Guided by this teaching, a pastoral concern for the lay faithful and the common good of all of society, and the church’s experience as the largest single health care provider in the country, the bishops of the United States have, since 1919, advocated for comprehensive health care reform that provides universal access to basic care for all citizens.

In a 1981 statement, the American bishops said the following: “It is the responsibility of the Federal Government to establish a com­prehensive health care system that will insure a basic level of health care for all Americans. . . . The Federal Government should also insure adequate funding for this basic level of care through a na­tional health insurance pro­gram.”
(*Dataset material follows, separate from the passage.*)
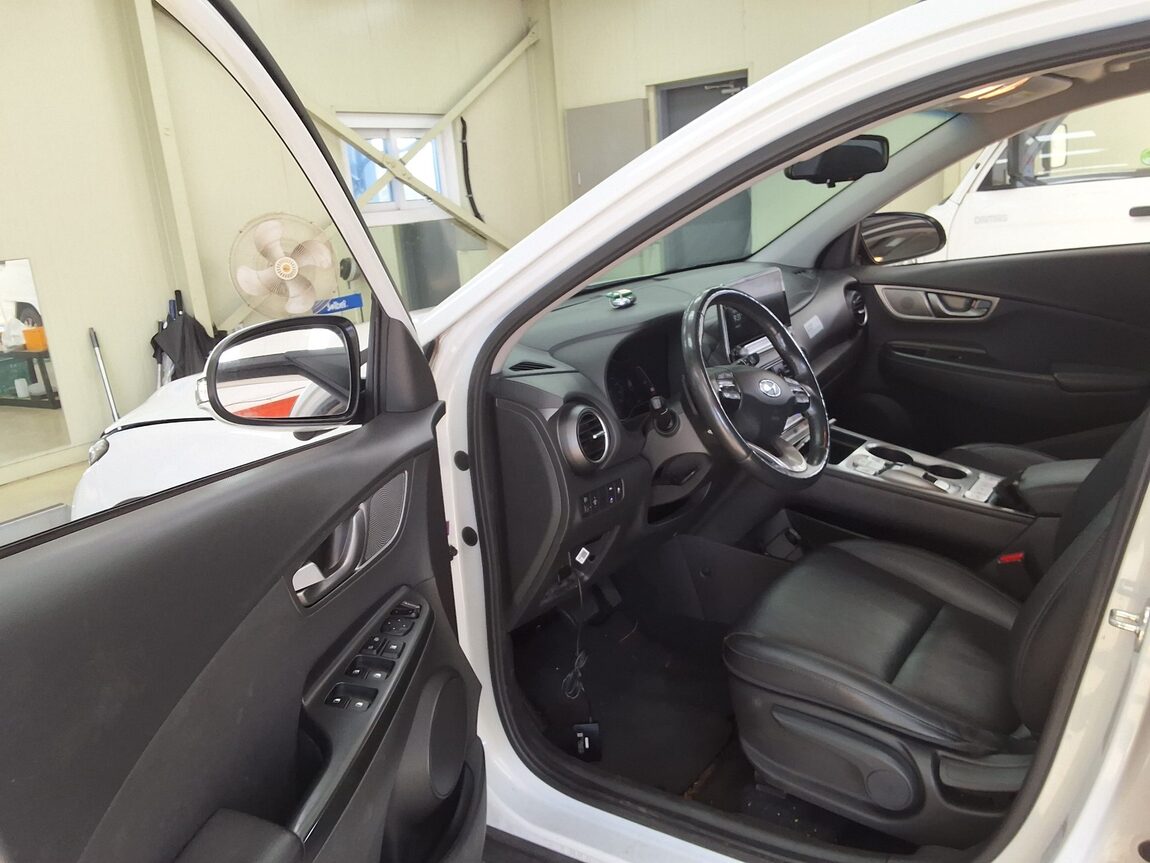 HYUNDAI KONA ELECTRIC EV MODERN 2020 - zdjęcie 11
Guiding principles for health care reform

When advocating for health care reform at the federal level, the bishops have laid out the following guidelines for sound policy:

  • Genuine health care reform must protect human life and dignity, not threaten them, especially for the most voiceless and vulner­able.
  • Health care legislation must respect the consciences of providers, taxpayers and others, and not violate them.
  • Coverage should be truly universal and should not be denied to those in need because of their condition, age, where they come from or when they arrive here.
  • Costs must be restrained and applied equitably across the spectrum of payers.

Providing affordable and accessible health care that clearly reflects these fundamental principles is a public good, a moral imperative, and remains an urgent national priority.

ACA needs to be amended by Congress and the president immediately

Although the ACA is designed to give all Americans access to health care, the U.S. Conference of Cath­olic Bishops did not support its final passage in Congress. Three serious problems in the law remain in place and require Congress’s immediate attention.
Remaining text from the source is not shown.